#### [ACTION ITEM]
Once the pictures are set aside, reproduce the entries below exactly.
◆ ◆ ◆ ◆
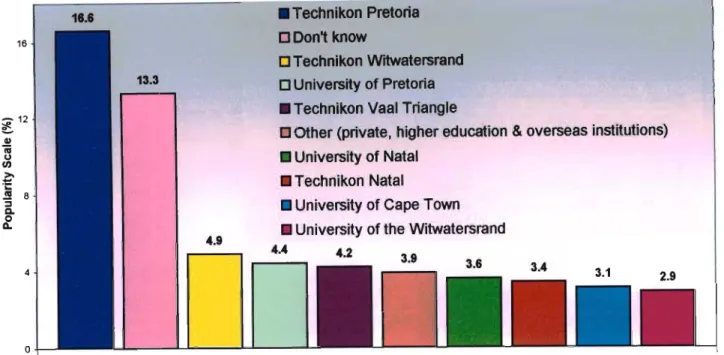 Graph 8 - Scholar's Most Popular Choice of Higher Education Institutions (Pretorious, 2002)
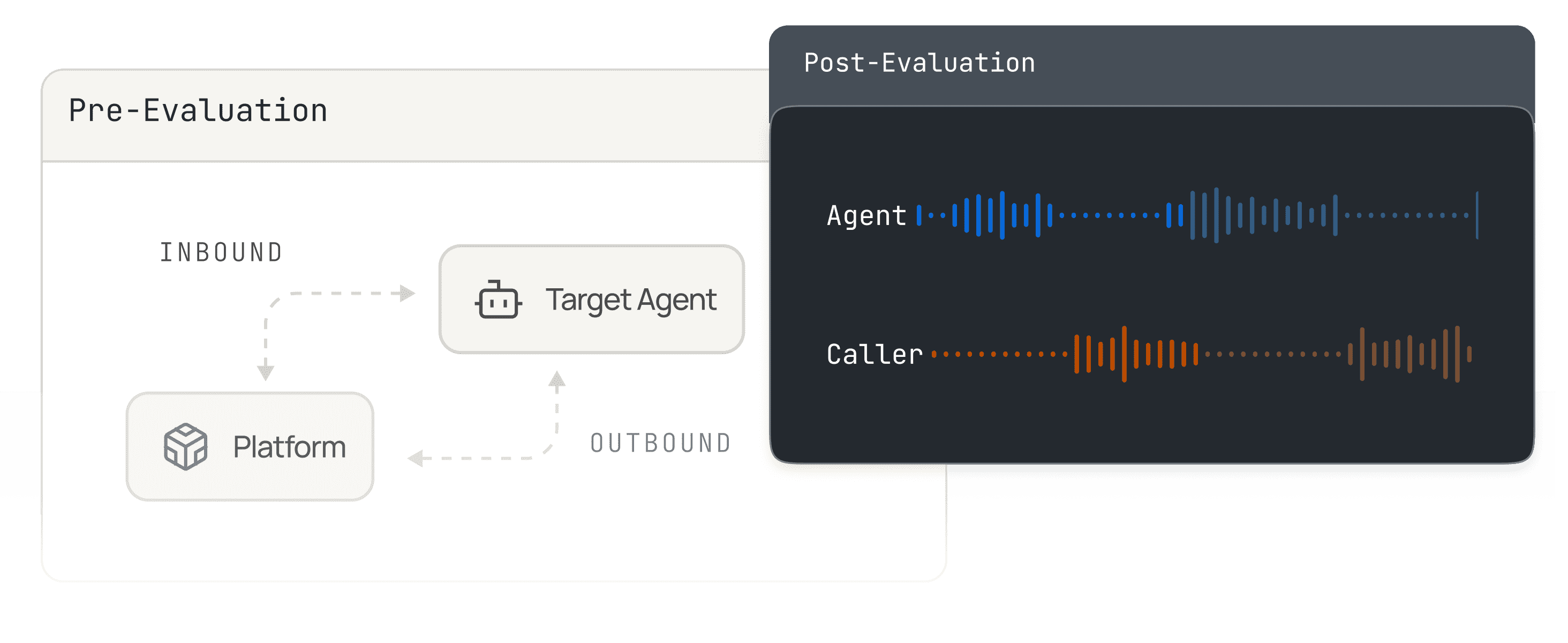 Every Stage of Your Call Agent, Covered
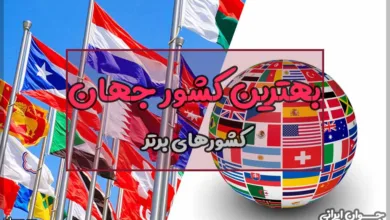 بهترین کشور جهان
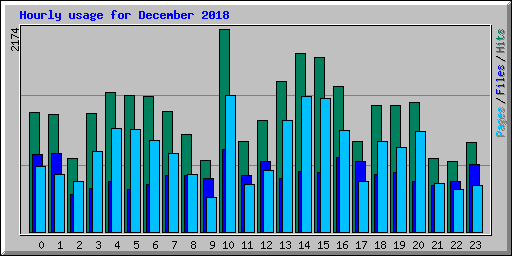 Hourly usage for December 2018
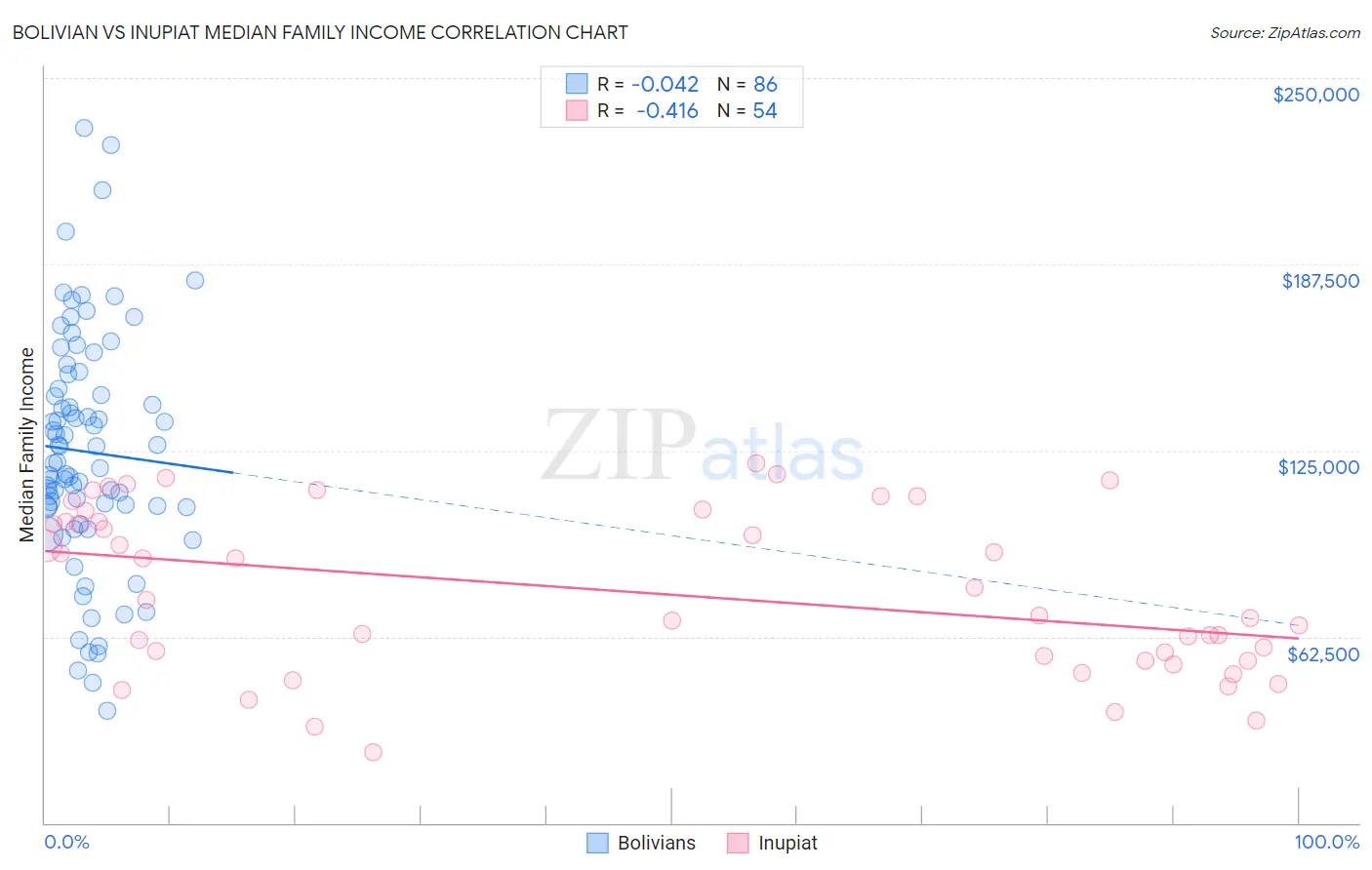 Bolivian vs Inupiat Median Family Income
◆ ◆ ◆ ◆
#### [RESPONSE TO THIS EXERCISE]
 Graph 8 - Scholar's Most Popular Choice of Higher Education Institutions (Pretorious, 2002)
 Every Stage of Your Call Agent, Covered
 بهترین کشور جهان
 Hourly usage for December 2018
 Bolivian vs Inupiat Median Family Income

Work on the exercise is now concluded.